実は学生時代にも、日立と都内を毎日のように往復していた経験があるんです。朝が苦手で、実家で起こしてもらい電車で都内の大学に通っていました(笑)1年ほどそんな生活をしていたので、日立で暮らしながら都内に勤務することへのハードルが低かったように思います。
”暮らす場所”としての魅力に気づいた今
ー社会人を経て日立市での暮らしが再スタートしたとのことですが、戻ってきて日立市の印象は変わりましたか?
変わりました!車を運転できるようになったことで、不便さを感じなくなりました。私、中学生のときからすでに日立を出たかったんです。子どもの頃の私にとっての日立は、最寄り駅の常陸多賀駅周辺。当時何もなく、電車が止まってしまうと過ごす場所がなくて困る~という印象だったんですね。でも今は車があるし、「探せばある!」ことが分かりました。個人経営のカフェも増えましたよね。日立は時間がゆっくり流れているようにも感じるので、住む場所としていいなと思うようになりました。
ー探せばある!、まさにそのとおりだなと思います。その中で小泉さんのお気に入りの場所があれば教えてください!
お気に入りの場所は2ヶ所あります。ひとつは、河原子海岸に面した、河原子北浜スポーツ広場(※)です。最近父から「敷地内にドッグランがあるらしい」と教えてもらい、飼っている犬と一緒によく利用しています。駐車場からドッグランまで約1キロと距離がありますが、海に面しているのでその道のりも気持ち良いんですよ。河原子北浜スポーツ広場にはドッグランだけでなく、スケートボード場やパターゴルフ場、芝生広場もあり、ピクニックしている人もよく見かけます。

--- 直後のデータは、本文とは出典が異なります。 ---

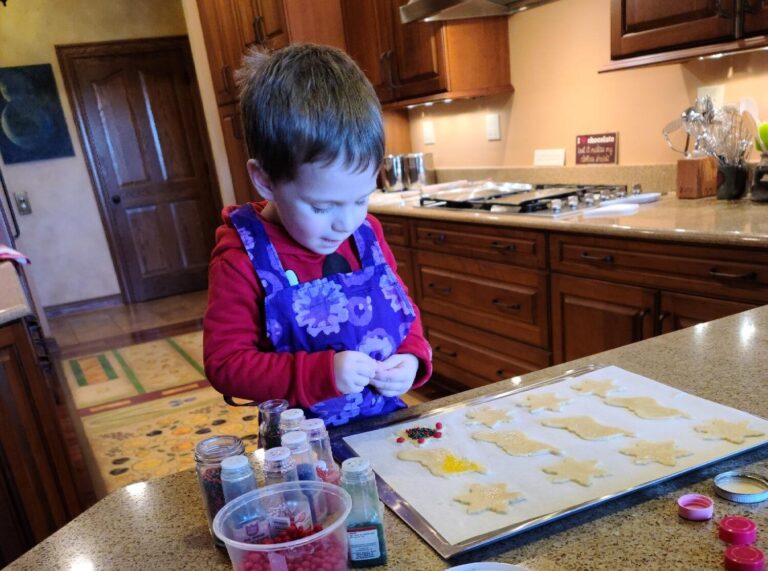 kid making Christmas cookies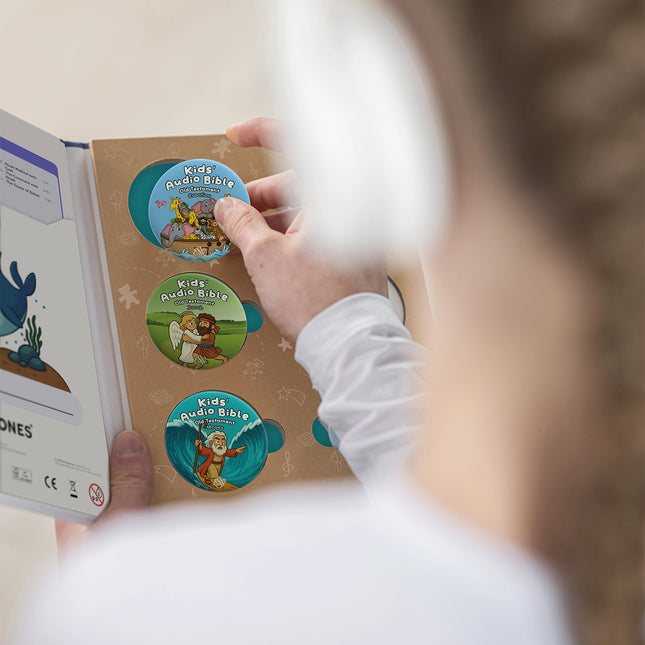 Child in a white shirt holds the ONANOFF Bible Stories Old Testament open, revealing Kids' Audio Bible StoryShields with biblical illustrations. 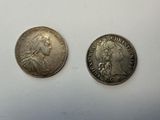 two silver coins, one of which is a woman and one of which is a man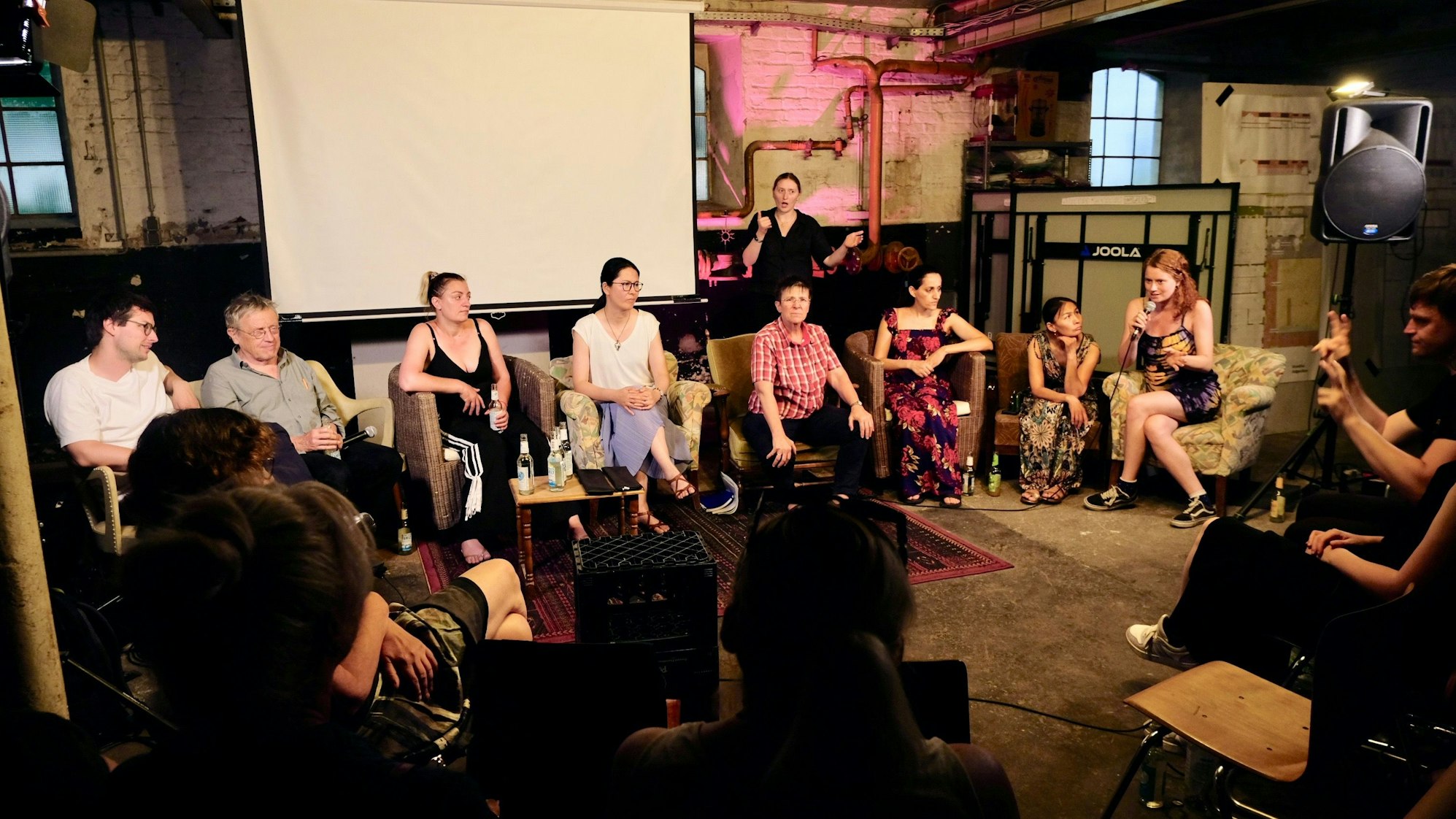 Auf Sesseln in einem großen Raum sitzen Menschen, eine Frau spricht in ein Mikrofon.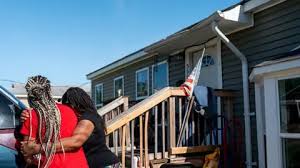What drove a woman and child to jump off a roof amid Louisiana shooting chaos?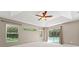 Bright bedroom with pool view, tray ceiling, and fan at 11811 Ridge View Cir, Clermont, FL 34711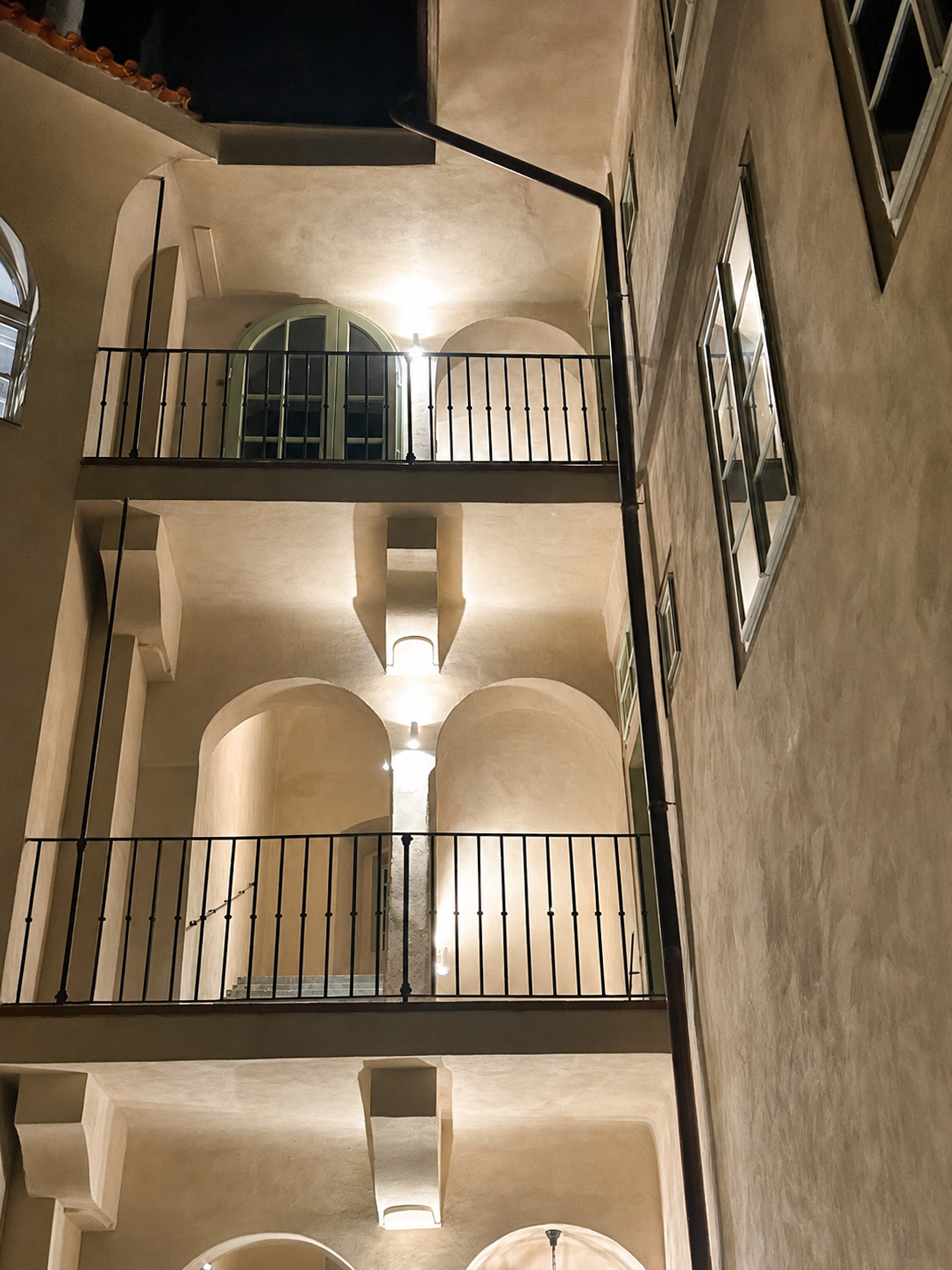 Courtyard galleries of the house at night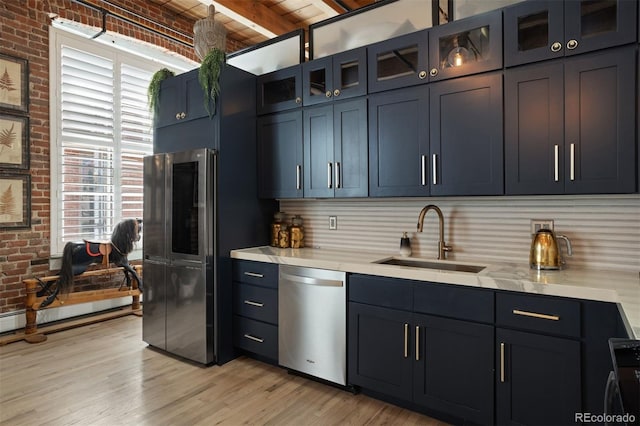 kitchen with beamed ceiling, appliances with stainless steel finishes, sink, and brick wall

もうひとつは、諏訪梅林(※)です。子どもの頃から遊んでいた場所で、今もよく散歩に行きます。特に敷地内を流れる川が好きです。水が綺麗で、鮭も遡上してくるんですよ!
以前、夏に従兄弟が遊びにきたときは、朝から海、自宅に戻って昼寝、午後は川へ行き、田舎の夏休みを楽しんでもらいました。
※河原子北浜スポーツ広場:https://www.hasa.or.jp/sports-facilities/kawarago_sport_square/
※諏訪梅林:https://www.city.hitachi.lg.jp/park/page/p002506.html
ーワークライフバランスが充実しているようすが感じられます!具体的に1日をどのように過ごしているかお聞きしたいです。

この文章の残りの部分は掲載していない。